SOCIAL BOTS SHOULD BE BANNED IMMEDIATELY

Social bots — or anonymous, fake personas that broadcast false, manipulated automatically generated content — are highly destructive and must be banned from social media platforms immediately.  A 2016 study from the University of Southern California Viterbi School of Engineering’s Information Sciences Institute found that social bots made up nearly one-fifth of the political discourse on Twitter during the 2016 campaign season.

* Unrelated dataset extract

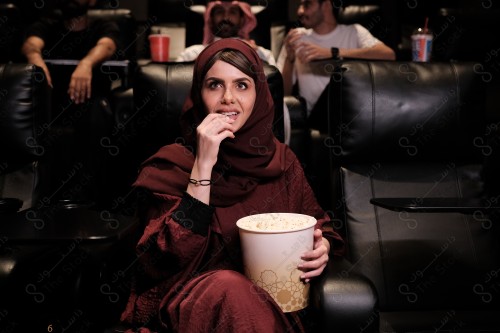 A Saudi girl in the cinema has interactions while watching the movie, she wears an abaya, and popcorn and a drink appear in front of her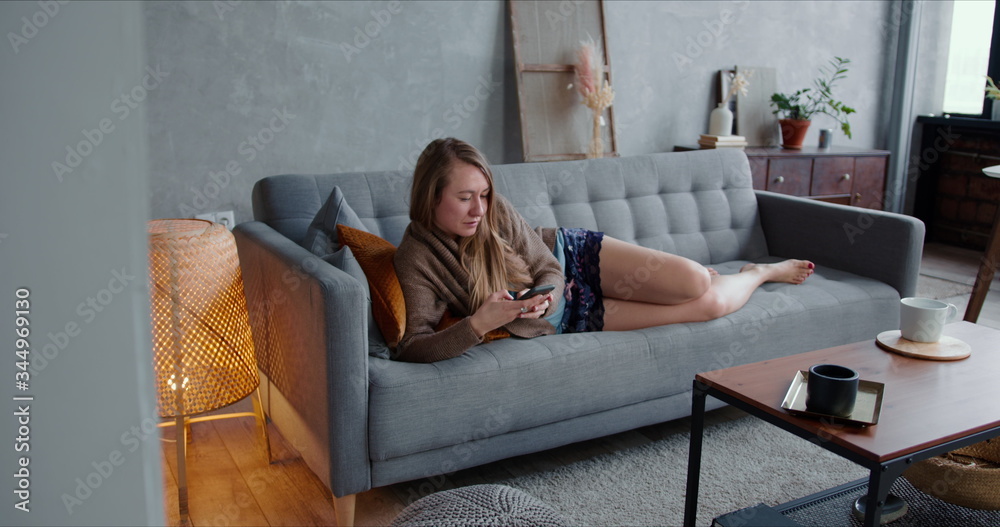 Obraz premium Happy young beautiful Caucasian blonde woman using smart phone at home on cozy sofa, lying down to relax and take a nap.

From the researchers:  "Twitter bots have become so sophisticated that they can tweet, retweet, share content, comment on posts, 'like' candidates, grow their social influence by following legitimate human accounts and even engage in human-like conversations. Because of social bots’ sophistication, it is often impossible to determine who creates them, although political parties, local, national and foreign governments and even single individuals with adequate resources could obtain the operational capabilities and technical tools to deploy armies of social bots and affect the directions of online political conversation."

These are not harmless games being played.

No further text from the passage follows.